Drifting is not something one actively does; it is something that passively happens because of what one is not doing. As one pastor observed, drifting results through “a failure to keep a firm grip on the truth, through carelessness and a lack of concern.” We are called to “pay the most careful attention to what we have heard, lest we drift away.” God calls us to the great responsibility of being disciplined to listen carefully to his Word. The vitality of the Christian life is centered on one’s connection to the Word of God.
All day long we hear voices telling us that the problems of this world are the most important issues of life. We listen to those voices. The consequence is that we are distracted from the most important issues to which the Bible calls us to give our attention.

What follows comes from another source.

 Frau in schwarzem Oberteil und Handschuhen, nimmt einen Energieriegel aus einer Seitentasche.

In the book of Hebrews, many of these early Christians were facing great persecution and were contemplating apostatizing back to Judaism as the solution. The author is deeply concerned about this problem and is making clear the importance of receiving God’s redemptive revelation that is being spoken through Jesus, a revelation far superior to that of the angels.
The Heart of the Concern of the Author of Hebrews Is the Danger of Drifting Away from Jesus’ Voice
It is from heaven that the Son of God is speaking to us in an intimate way through the ministry of the gospel, giving us everything that is needed for us to persevere through this life. But the author of Hebrews, after explaining the superiority of Jesus to the angels and as seated at the right hand of God, now gives a sobering warning:
Therefore we must pay much closer attention to what we have heard, lest we drift away from it. For since the message declared by angels proved to be reliable, and every transgression or disobedience received a just retribution, how shall we escape if we neglect such a great salvation? (Heb. 2:1-3)

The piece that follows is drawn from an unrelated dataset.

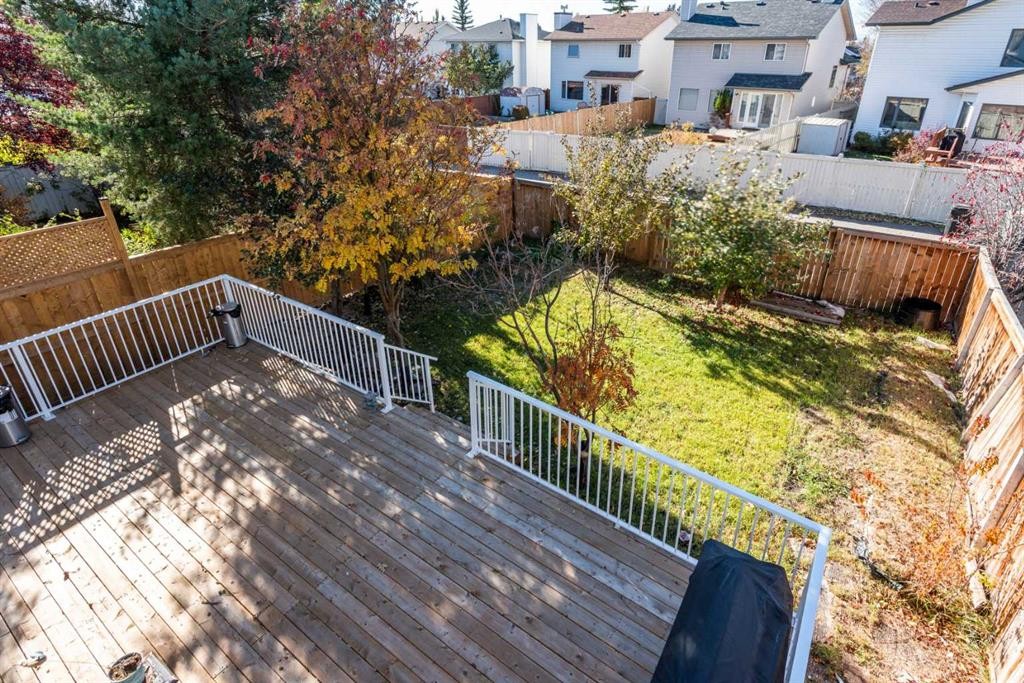 414 Mt Cornwall Circle Se, Calgary, AB - Outdoor With Deck Patio Veranda With Exterior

Some people are concerned that these warning passages in Hebrews, if left alone, will undermine the doctrine of the perseverance of the saints. The Scriptures are clear, salvation cannot be lost. All those given to the Son by Father have eternal life, and nothing can take that free gift away. But the effect of these warnings is often lost when we immediately explain them away in fear of insinuating that salvation can be lost. These warnings are not in conflict with God’s preserving power in the believer’s life; in fact, they are precisely one of the means he uses to preserve his sheep.
The Pathway to Apostasy Begins with Drifting
Within any church community, there are those drifting, and God wants everyone to take seriously the call not to drift from the voice of Jesus.
The description of drifting would have been familiar to the audience as the author uses a nautical metaphor to help them. When a ship entered a harbor, everyone knew that a captain had to be extremely well disciplined and trained to bring the ship to the port. Perception can be disorienting in large bodies of water. A boat can drift off course quickly and without recognition. With this metaphor in mind, the author applies the concern to the spiritual state of Christians.